Little John, finally, I am talking to someone who has done it. Are there any problems that we should be aware of that Doolittle didn't cover?


----------



## little_john (Aug 4, 2014)

Not really - but although I had great hopes for BIG numbers ( >5 Nucs) using horizontal hives, the results thus far have been disappointingly erratic - so a vertical set-up producing a more modest 3 nucs over a medium strength brood box appears to be optimum.

As you will no doubt have deciphered from Doolittle's Appendix, the problem he encountered was queens coming close enough across a single barrier to threaten each other, sufficient to cause disquiet and anxiety amongst the colony, which resulted in the killing of one or both queens.

I've run a lot of experiments with two QX's back-to-back with minimal spacing - very much along the lines of the example given in Simmin's 'Modern Bee Farm' 1914, page 316 onwards, which he entitles: "Quadruple Nucleus and Queen-rearing Hive" - but as with so many of his other inventions, this didn't work any too well, for that tight spacing really isn't enough - several inches of separation being far more desirable. 

Some years ago I came across a simple pen and ink drawing of a vertical setup where two QX's were separated by a shallow box containing drawn combs which was being used as a spacer - but sadly I cannot find that source again.
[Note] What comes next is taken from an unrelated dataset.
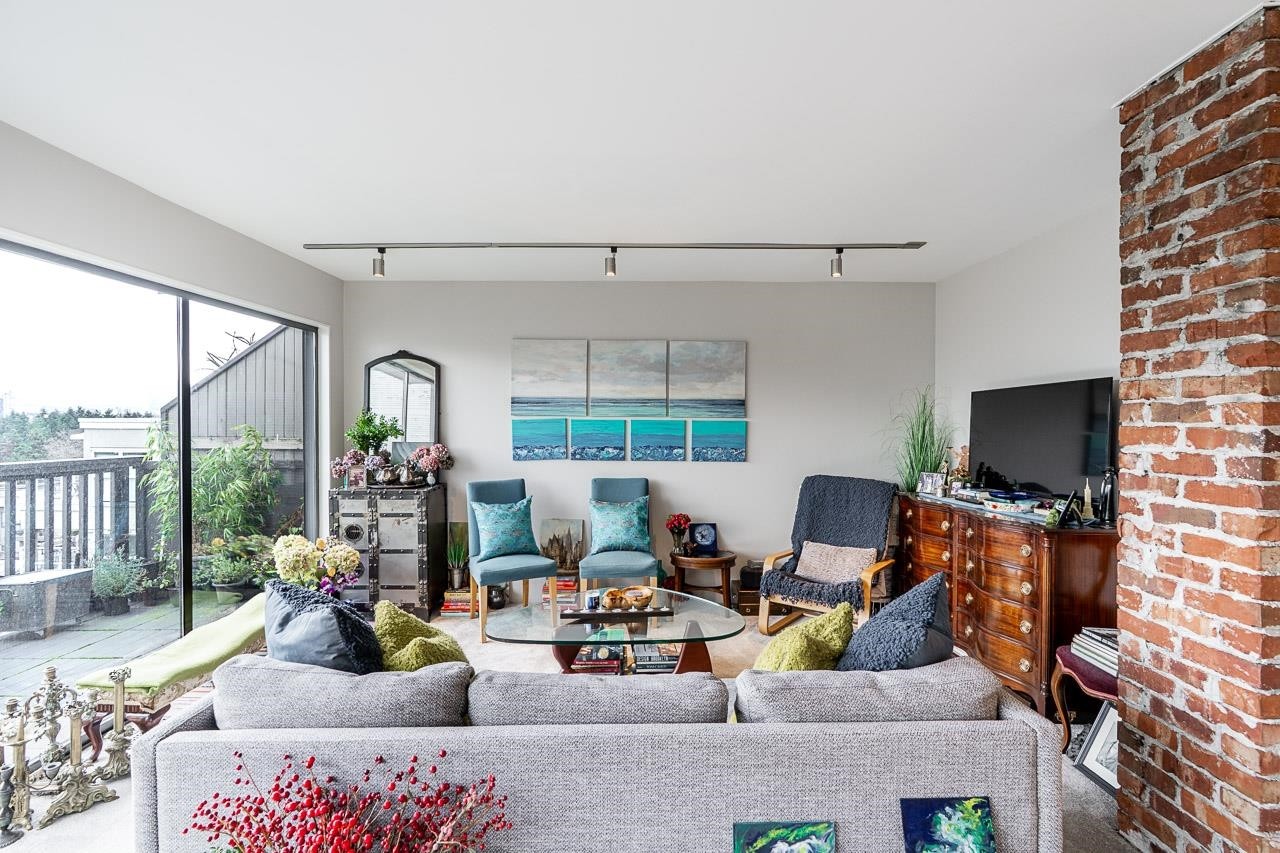 967 8Th Avenue W, Vancouver, BC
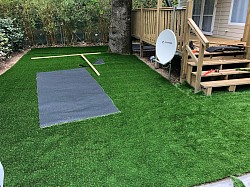 Aménagement extérieur du jardin avec une pelouse synthétique, jardin naturel pour mobilhome sans entretien, eu netoit services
However, I have found the same technique repeated in http://countryrubes.com/template/images/Raising_Honey_Bee_Queens_8_30_10.pdf

The essence of which is:


> *Raising Queens in a Double Brood Hive*
> 
> A small number of queens can be raised in a queenless brood chamber established on top of a strong colony, arranged in this order:
> 
> ...


That this exact set-up has been repeated within the above link suggests to me that it has been proven to work well, and I've already modified one of my rigs to this form for this coming season.

The only possible snafu lies within the upper QX - which needs to be of such construction as to prevent queens from squeezing underneath the brood box dividers (assuming these are being employed). My own solution to this is to construct a custom floor for the divided brood box, with three QX panels inserted within it. This is a shot of the floor I'm making at an early stage of it's manufacture:

 

For this:



One bonus of using a shallow box as a QX separator is that the distance between the lower box front bottom entrance and the nuc entrances (one at the rear and one at each side) is increased to a minimum of 20 inches, so that should a virgin ever get lost, it won't be for lack of entrance separation ... 

I'll post a pic of the finished rig when it's completed.
LJ


----------



## ffrtsaxk (Jul 17, 2017)

Little John, thank you very much for sharing your insight! You have saved me the frustration of finding out that the double excluder didn’t provide enough distance. I was already thinking that it might not work since I read a number of articles on managing 2 queen hives for increased honey production and they typically had the queens separated by a honey super with excluders on both sides. I was also wondering about the possibility of queens going under the dividers and how to keep that from happening. The castle I have can be divided into 2 or 4 compartments. But, it sounds like I should either set it to 2 or make my own for 3.
I do have a couple more questions, if you don’t mind. Do you keep the entrances to the queen castle open all the time or do you close them like Doolittle did? Also, do the workers bring enough pollen into the castle traveling through 2 excluders and across a honey super? I have to pull my mouse guards in the spring because they knock a lot of the pollen off and was wondering if the excluders would have the same result.


----------



## little_john (Aug 4, 2014)

ffrtsaxk said:


> The castle I have can be divided into 2 or 4 compartments. But, it sounds like I should either set it to 2 or make my own for 3.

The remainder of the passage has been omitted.